Write a 3-email follow-up sequence after no reply
beginnerClaude SonnetSalesSdroutboundemailfollow-upsequencecold-outreach
Use case
Use this prompt after your initial cold email receives no reply. Most responses come on follow-up touch 2 or 3 — this prompt generates a complete sequence with different value angles so you're not just sending 'just checking in' bumps.
The prompt
You are a B2B sales expert who knows that follow-up emails are where most deals start. Write a 3-email follow-up sequence for a prospect who did not reply to an initial cold email.

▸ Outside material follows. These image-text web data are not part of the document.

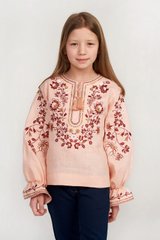 Вишита блуза для дівчинки Pink UKR-0310, 152, льон
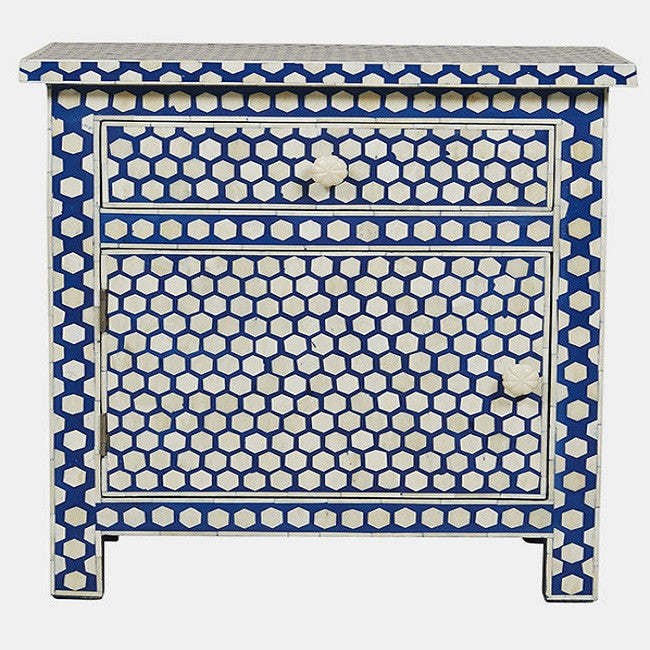 Bone Inlay Large Bedside Cabinet : Abela : Blue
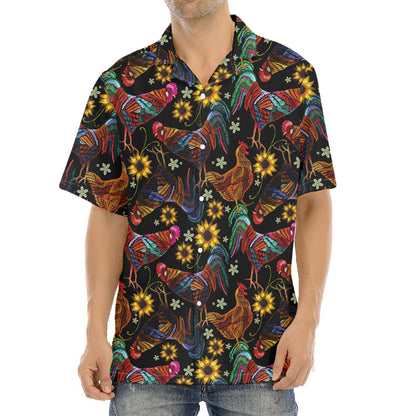 Embroidery Rooster Pattern Print Aloha Shirt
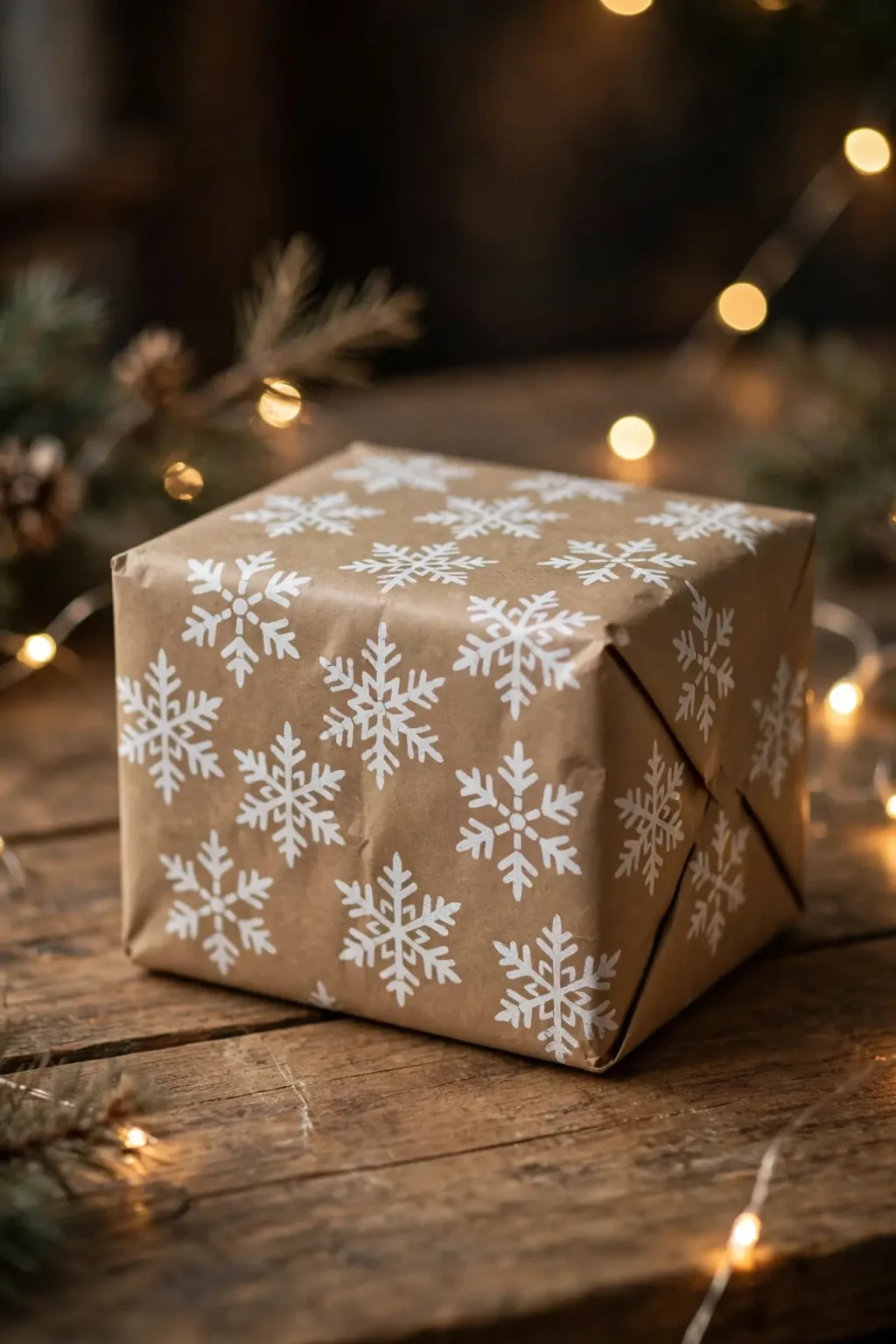 brown xmas wrapping paper stencil snowflakes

Context: - Prospect name:{{prospect_name}}- Prospect title:{{prospect_title}}- Company:{{company_name}}- Industry:{{industry}}- Original email topic / pain point:{{original_pain_point}}- Your product/service:{{your_product}}- A piece of relevant content or resource you can offer:{{content_asset}}(e.g., a case study, benchmark report, or short video) Write 3 follow-up emails with these specific strategies: Email 2 (send 3–4 days after Email 1): - New angle: add value by sharing{{content_asset}}or a relevant insight — do NOT just say "following up on my last email" - Keep it to 4–6 sentences max - Make the CTA slightly different from Email 1 (e.g., ask a yes/no question instead of requesting a call) Email 3 (send 5–7 days after Email 2): - Use the "permission to close" or "last touch" approach — be direct that this is your final outreach - Keep it to 3–4 sentences - Leave the door open without being needy - Make it easy for them to say "not interested" or "not now" Email 4 (send 2 weeks after Email 3 — the "breakup" email): - Ultra-short: 2–3 sentences max - Assume they're not interested but give one last opening - Reference something current or timely if possible - No CTA — just an open door For each email: write the subject line (should not say "Following up" or "Checking in"), the body, and a one-line note on the strategy. Tone across all: confident, human, not desperate. Shorter is better. Never grovel.
Variables
{{{{prospect_name}}}}Replace with your {{prospect name}}{{{{prospect_title}}}}Replace with your {{prospect title}}{{{{company_name}}}}Replace with your {{company name}}{{{{industry}}}}Replace with your {{industry}}{{{{original_pain_point}}}}Replace with your {{original pain point}}{{{{your_product}}}}Replace with your {{your product}}{{{{content_asset}}}}Replace with your {{content asset}}
Example
Input
prospect_name: Jamie prospect_title: VP of Engineering company_name: Crestline Software industry: B2B SaaS original_pain_point: engineering team spending too much time on infrastructure instead of product your_product: cloud infrastructure automation platform content_asset: a 5-minute benchmark report showing how SaaS companies at 150-300 employees spend engineering time
Output
Email 2 — Subject: How Crestline's peers spend engineering time Hi Jamie, Thought this might be useful regardless of whether we talk — it's a quick benchmark showing how SaaS companies at your stage typically split engineering time between infra and product. The gap is usually surprising. [Link to report] Quick yes/no: is the infra-vs-product split a live conversation on your team right now? — [Name] Strategy: Value-first follow-up. Gives something useful before asking for anything. Yes/no question is low friction. --- Email 3 — Subject: Last thought on this Hi Jamie, I've sent a couple of notes — clearly the timing isn't right or this isn't a priority. Totally fair. If that changes — especially as you scale past the next hiring round — happy to pick this back up. I'll leave it there for now. — [Name] Strategy: Permission-to-close. Respects their time, removes pressure, leaves a clean re-entry point. --- Email 4 — Subject: Crestline Hi Jamie — saw you shipped [recent release/feature]. Congrats. Still here if the infra time sink ever becomes the conversation. No need to respond if it's not. — [Name] Strategy: Breakup email with a genuine observation. Ultra-short. No ask. The easiest email to reply to because there's nothing to reply to.
Tips for best results
- 1Never use 'Just following up' or 'Checking in' as your subject line — they signal low effort and get ignored.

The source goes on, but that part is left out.